→ Task statement
From the line that contains "MERCEDES-BENZ SL 500 7G-TRONIC" down to the final line of the listing below, set down every line exactly, both ends included, and drop the pictures.

################

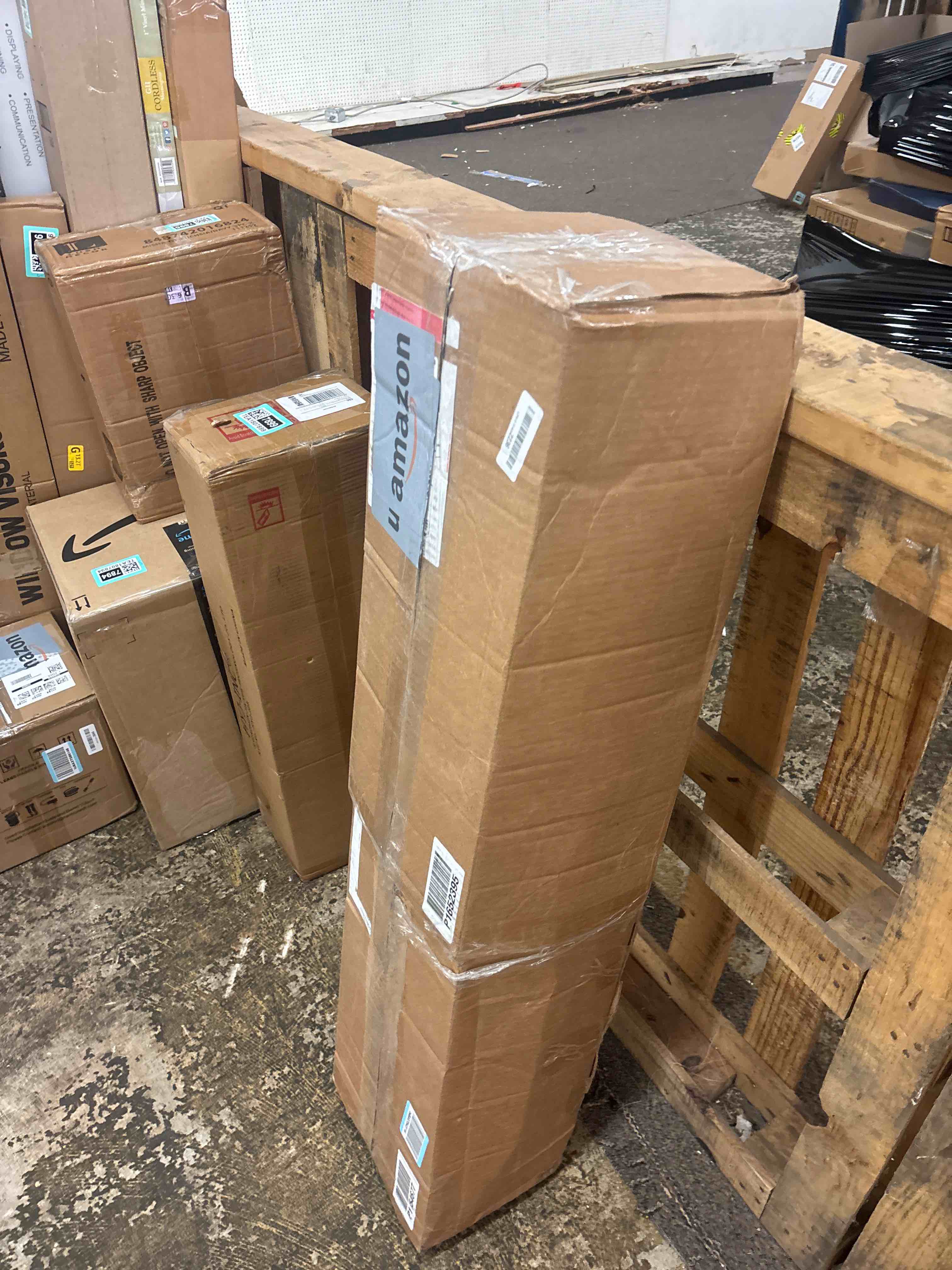 https://s3.amazonaws.com/lotting-images-prod/phillipi/TEA1807901_1760990424103.jpeg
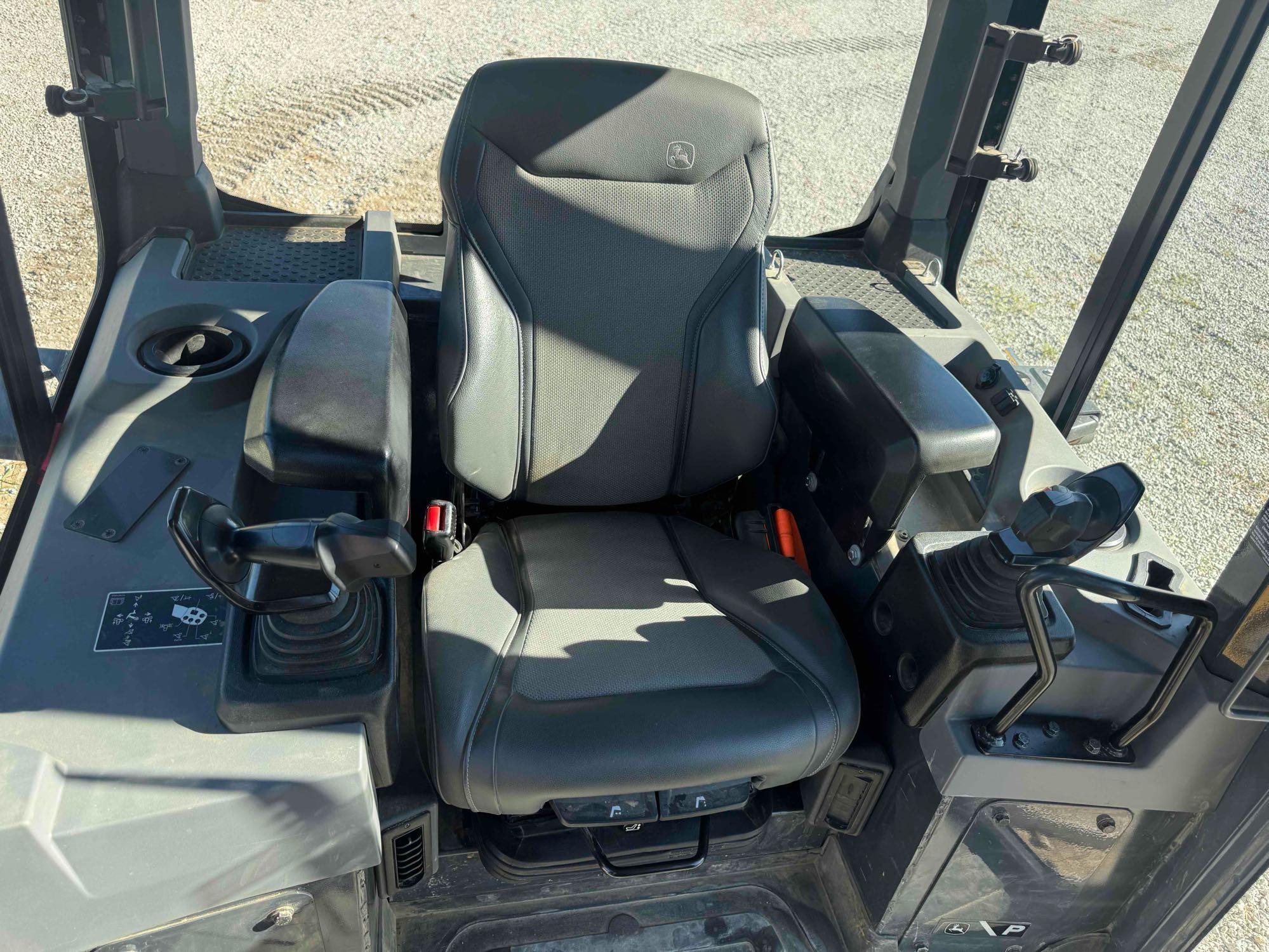 John Deere 650P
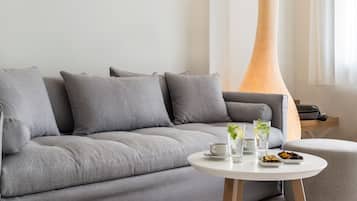 Suíte luxo, piscina particular | Cofres nos quartos, escrivaninha, cortinas blackout, Wi-Fi de cortesia
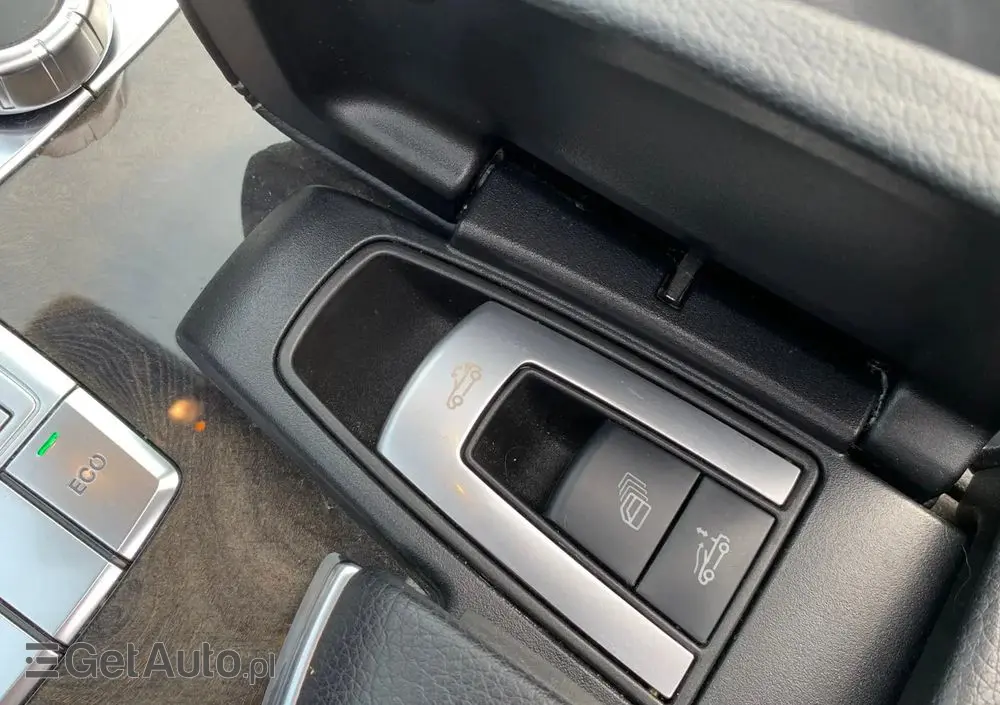 MERCEDES-BENZ SL 500 7G-TRONIC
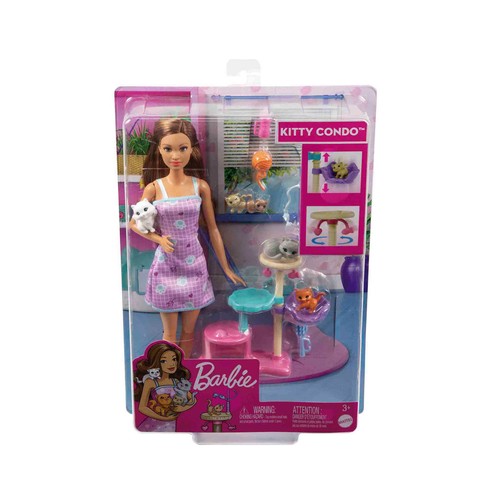 BARBIE y sus gatitos Muñeca morena con vestido estampado, árbol para gatos, mascotas y accesorios felinos, juguete +3 años (MATTEL HHB70)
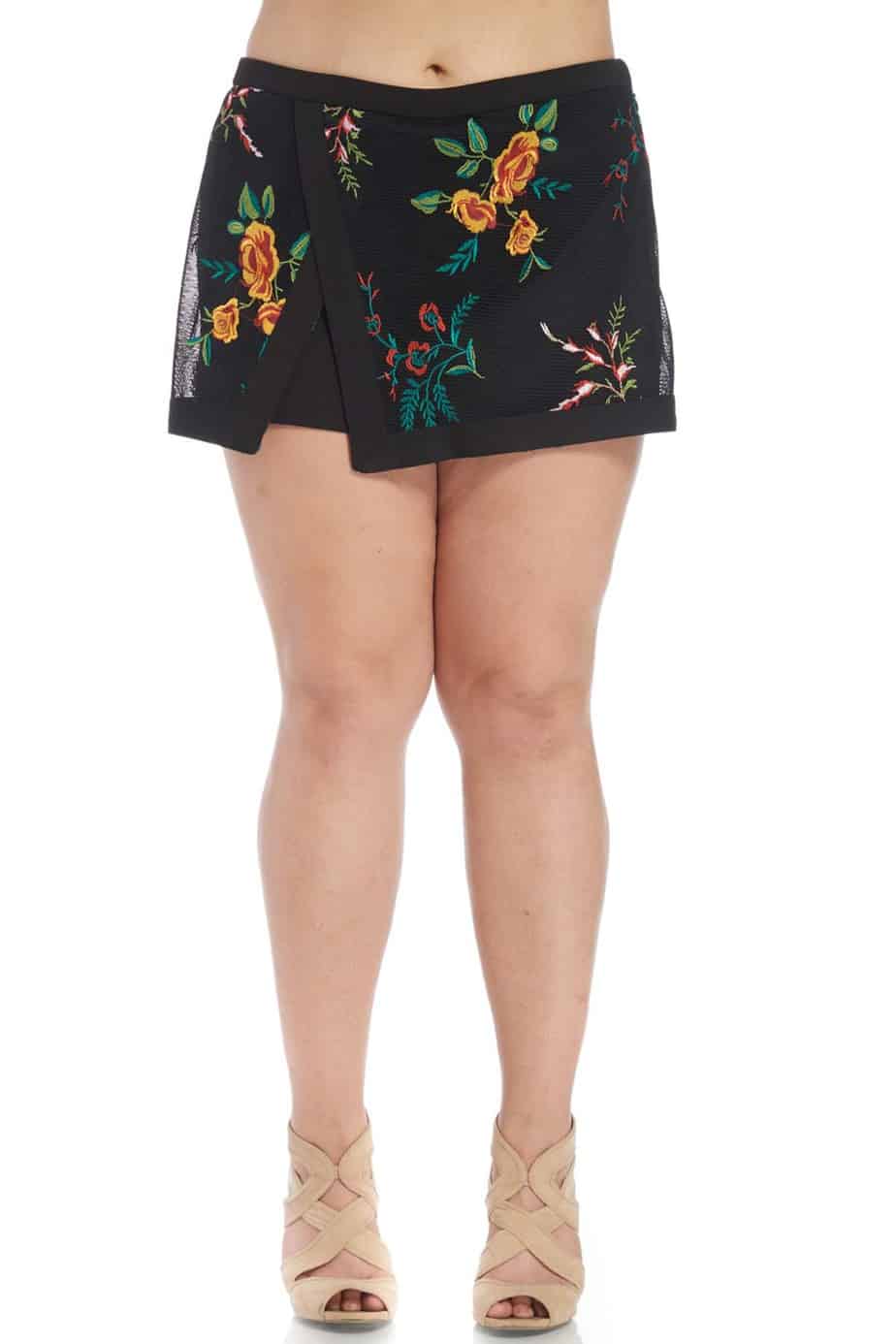Start the Summer in Style with Xehar Curvy - Plus Size Asymmetric Wrap Shorts
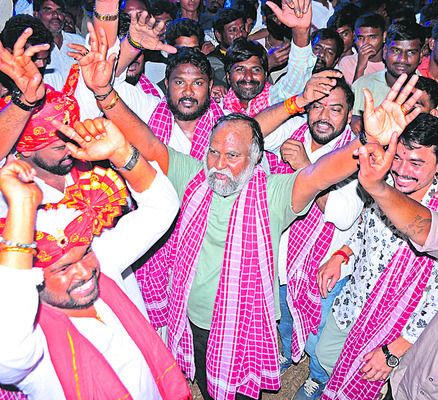 సదర్లో జగ్గారెడ్డి సందడి 
1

################

→ Answer to the problem
 MERCEDES-BENZ SL 500 7G-TRONIC
 BARBIE y sus gatitos Muñeca morena con vestido estampado, árbol para gatos, mascotas y accesorios felinos, juguete +3 años (MATTEL HHB70)
Start the Summer in Style with Xehar Curvy - Plus Size Asymmetric Wrap Shorts
 సదర్లో జగ్గారెడ్డి సందడి 
1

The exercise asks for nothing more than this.